As soon as she steps onstage, the remarkable Van Dyke exudes a steady authoritarian intelligence that is seemingly out of place on a cinder-block-supported porch that signals the tragedy of her situation long before she is violated by a white man. The none-too-perceptive Rawls (Marcus Naylor) adores but will never understand her; it is no surprise when he abandons the family in act two.
Their two daughters are the rebellious, teenage Joyce (Adrienne Carter), whose edges have not yet been smoothed away by years of accommodation in the face of prejudice, and the younger, still-pliant Matoka (Charis M. Wilson).
In the play’s most powerful scene, Joyce wrangles out from under her mother’s control as soon as her discovery of the rape presents an opening. Mattie’s tragedy also drives away her husband: Her actions spared Rawls his life, but she loses him as a husband.
Redwood is at his best when creating those strong, emotional currents that never surface but run deep around the peripheries of his characters’ experiences. He achieved that beautifully with the contentious relationship of two middle-aged sisters in his earlier play “The Old Settler.” He repeats that accomplishment, again with an intense family unit, in “No Niggers, No Jews, No Dogs.” Redwood makes complete dramatic sense of the unspoken, emotional loose ends that characterize even the most functional of families.
Where he occasionally strikes a false note is when the play leaves Mattie’s immediate nest and goes for the big effect. The character of Aunt Cora (Rayme Cornell), a spectral figure in black veil who roams the stage, never really emerges as anything other than a dramatic device. Aunt Cora’s desperate encounter with a white man, years earlier, too closely parallels Mattie’s violation.
More problematic is the character of Yaveni Aaronsohn (Jack Aaron), a frequent visitor to the Cheeks’ house. Early on, Yaveni announces, “I’m doing an independent comparative study of the similarities in racial suffering between Negroes and Jews.”
Oh boy. Since it’s 1949 and he’s Jewish and of a certain age, we have only to wait for his catalogue of atrocities — pogroms in Russia, the flight from Munich and road signs that read “no niggers, no Jews, no dogs” in the deep South, where he passes as a goy until news of Kristallnacht leads him to tell his wife and friends the truth.
Obviously the townsfolk never saw a Sam Jaffe movie; Aaron’s performance is right out of Central Casting.
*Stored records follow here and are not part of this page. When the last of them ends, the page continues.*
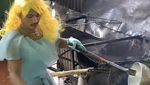 Kocak! Penjual Kerupuk Ini Cosplay Jadi Cinderella hingga Petugas KPPS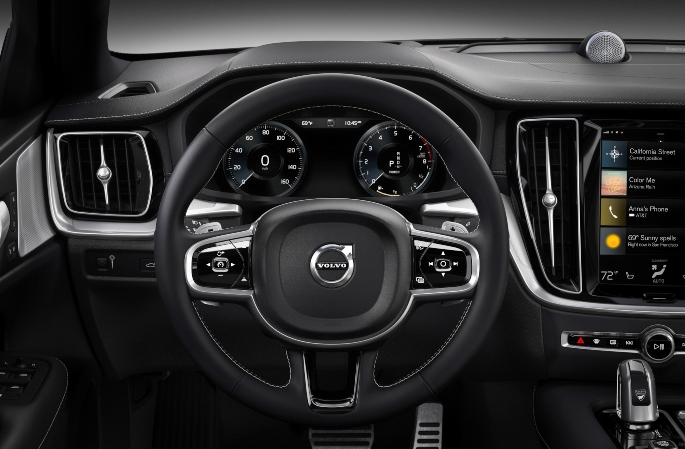 2019-volvo-s60-image-14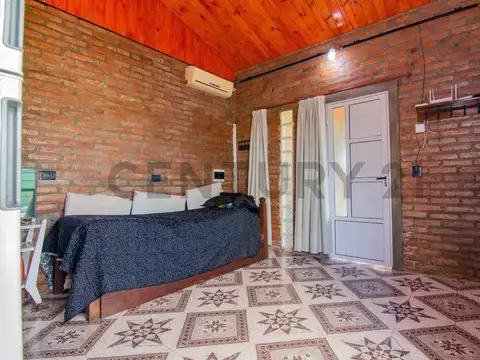 Venta Lote con Monoambiente, pileta y quincho en Punta Chacra, Roldán
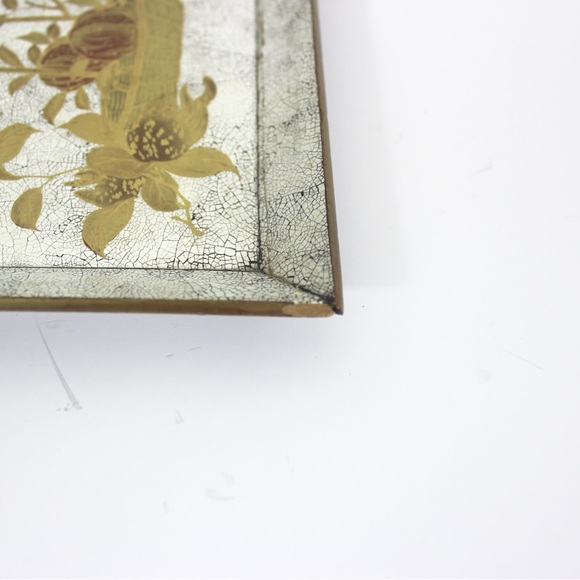 Antique Japanese Lacquered Wood Tray Square White and Gold Bird and Fruit - Picture 4 of 8
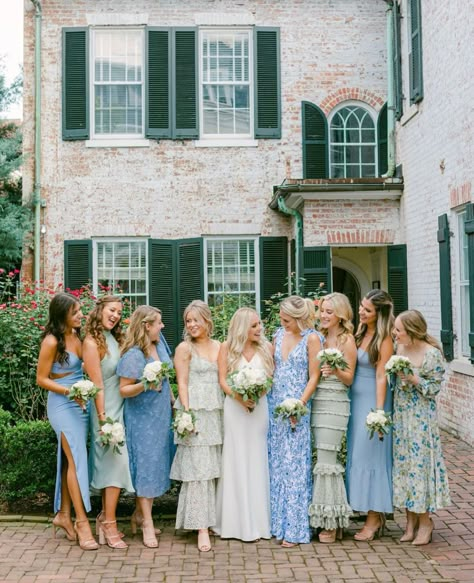 Blue Green Wedding, Plain Wedding Dress, Bridesmaids Dress Inspiration, Wedding Party Outfits, Bridesmaid Attire, Green Wedding Colors, Light Blue Wedding, Bridesmaid Colors, Something Blue Wedding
Redwood gives him a Big Speech, which puts a hole right in the middle of act two. Because so much fine, intuitive writing has preceded it, the play manages to recover for a harrowing climax presenting the thesis that a well-timed murder can produce much happiness in the end.
Israel Hicks’ direction accentuates Redwood’s strengths (the Cheeks ensemble) and his weaknesses (the two subsidiary roles). It might help if the Aaronsohn character were played against type, and if costume designer Christine Field had come up with a slightly less extravagant lace number for the wandering Aunt Cora.
Ann G. Wrightson’s lighting and Michael Brown’s lovely set design effectively expand the cramped stage to indicate a deep woods surrounding the Cheeks home. Perhaps the pastel color and the translucency of the shack’s scrim walls are a little too lovely for this story. But then, Mattie does create an oasis of tranquillity for her family until the storm arrives.